• **WHAT YOU ARE ASKED TO DO**
Would you print the lines below exactly, beginning at the line that has "Page 393 of" and stopping after the line that has "Propet Stana-Women Standard | Extra Wide"? Only those lines, and no pictures.

• **SOURCE DATA**
....
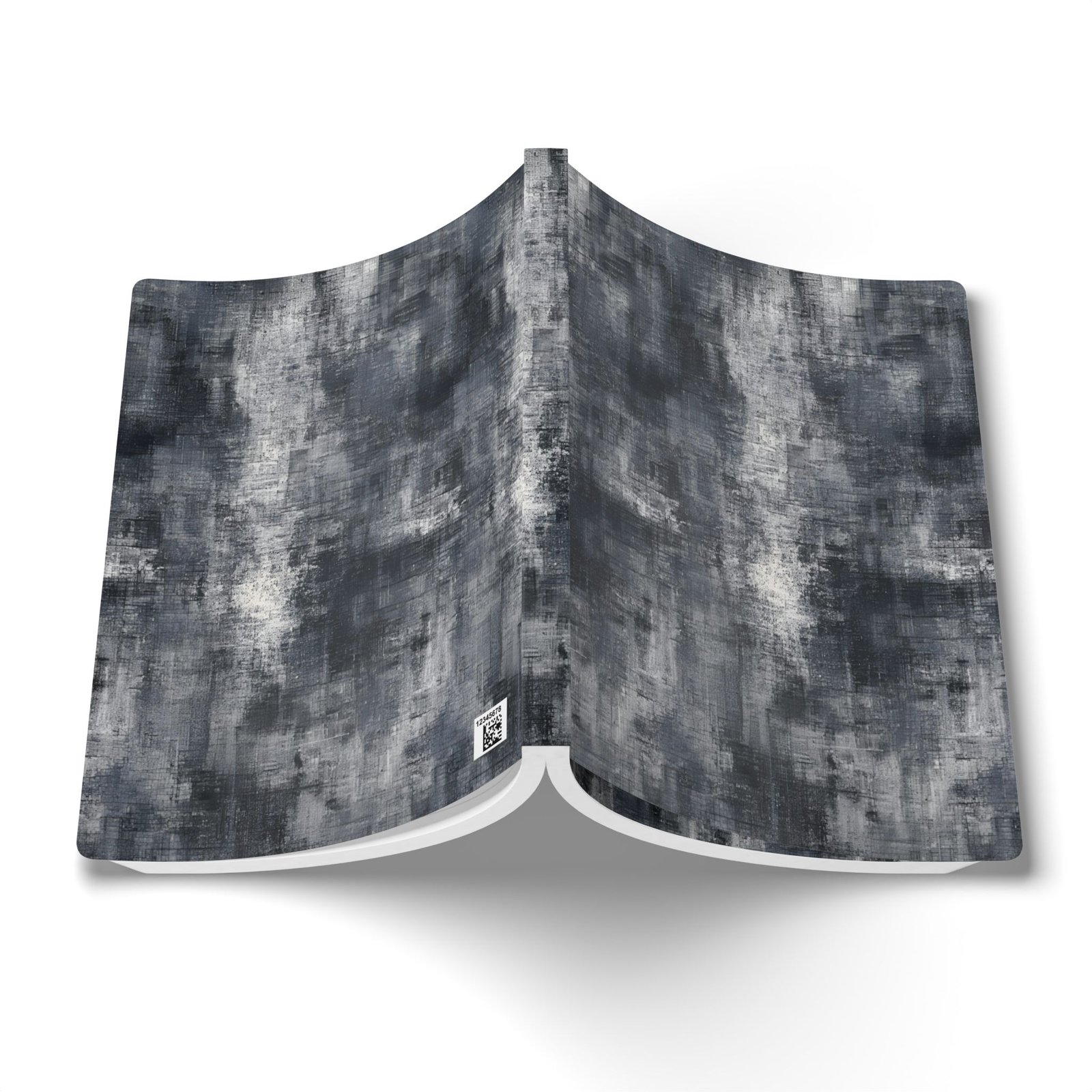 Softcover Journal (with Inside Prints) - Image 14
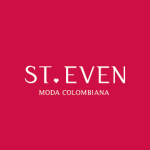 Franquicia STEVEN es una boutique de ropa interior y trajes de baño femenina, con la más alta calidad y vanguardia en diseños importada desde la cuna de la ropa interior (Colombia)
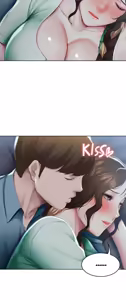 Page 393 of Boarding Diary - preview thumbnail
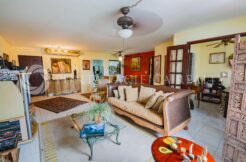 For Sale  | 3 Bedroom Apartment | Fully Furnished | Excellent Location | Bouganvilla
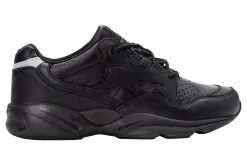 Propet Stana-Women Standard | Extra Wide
....
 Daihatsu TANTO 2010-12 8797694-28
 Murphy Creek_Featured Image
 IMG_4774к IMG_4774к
....
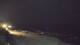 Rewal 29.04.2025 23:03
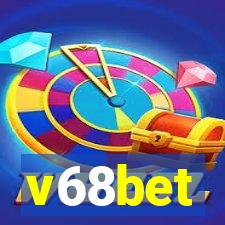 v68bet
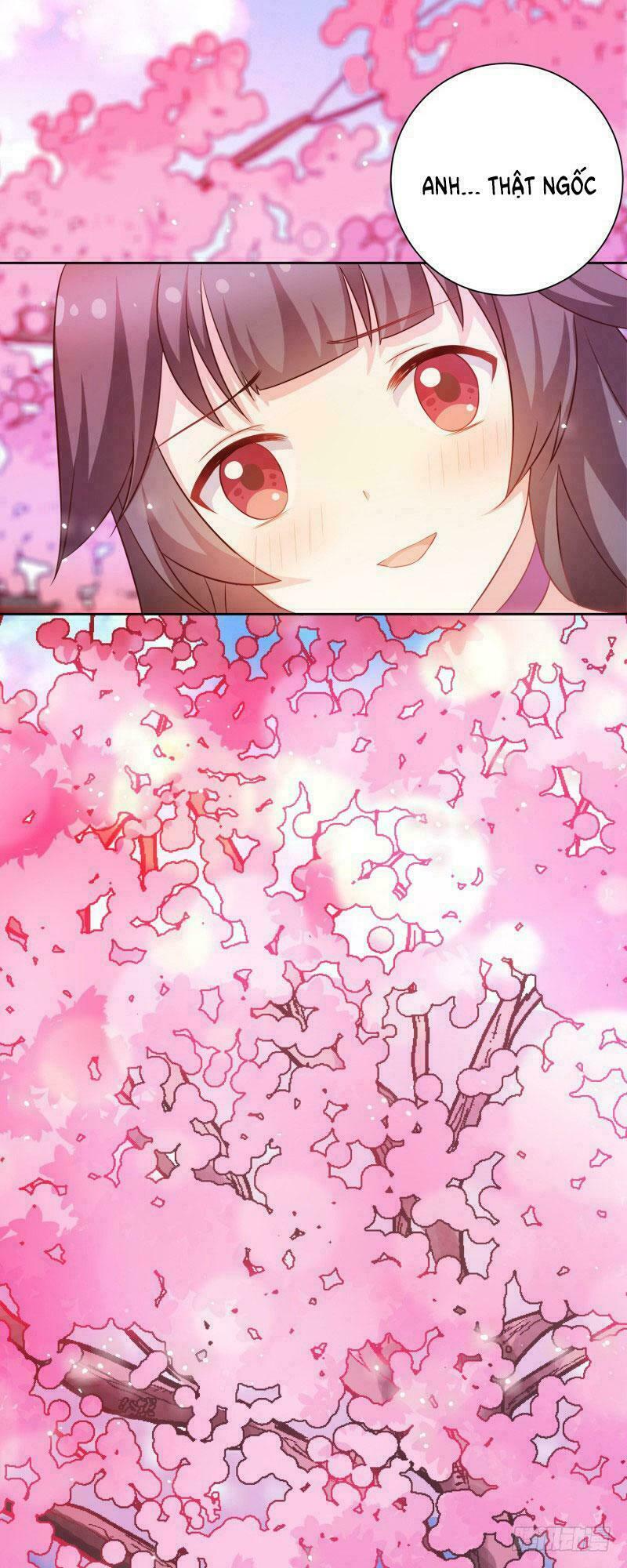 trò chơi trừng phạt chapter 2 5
....
• **SOLUTION TO THIS EXERCISE**
 Page 393 of Boarding Diary - preview thumbnail
 For Sale  | 3 Bedroom Apartment | Fully Furnished | Excellent Location | Bouganvilla
 Propet Stana-Women Standard | Extra Wide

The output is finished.